▶ _TASK STATEMENT_
This exercise calls for the whole listing to be given again exactly, without images.

▶ _DATA SHOWN_
━━━

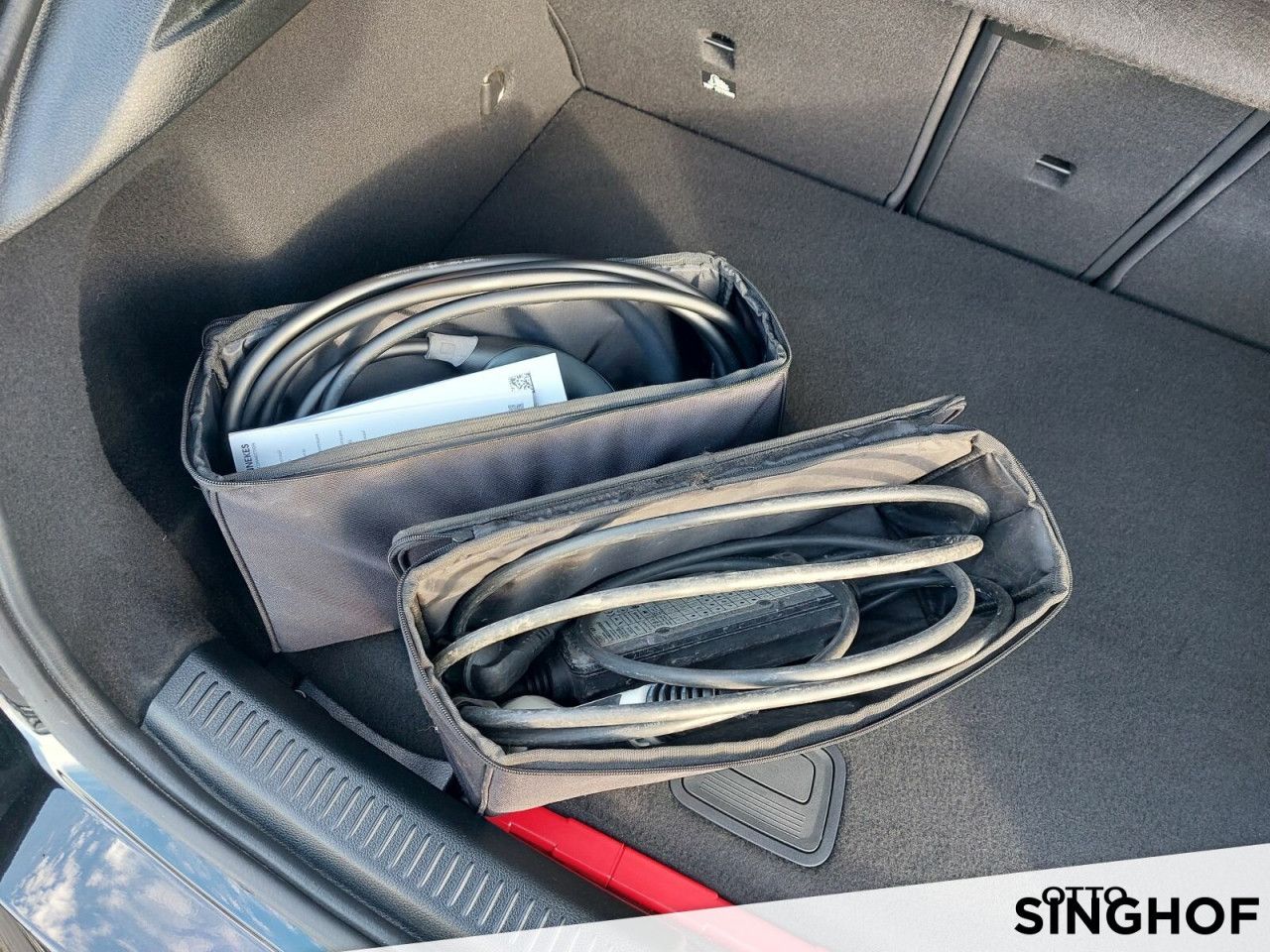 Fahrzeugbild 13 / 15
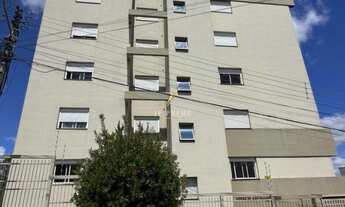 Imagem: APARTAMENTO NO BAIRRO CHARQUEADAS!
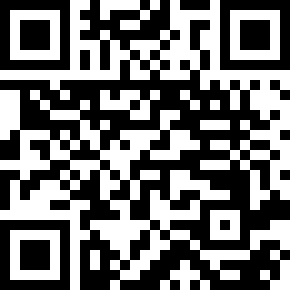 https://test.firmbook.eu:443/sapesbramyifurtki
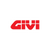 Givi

━━━

▶ _RESPONSE FOR THIS EXERCISE_
 Fahrzeugbild 13 / 15
 Imagem: APARTAMENTO NO BAIRRO CHARQUEADAS!
 https://test.firmbook.eu:443/sapesbramyifurtki
 Givi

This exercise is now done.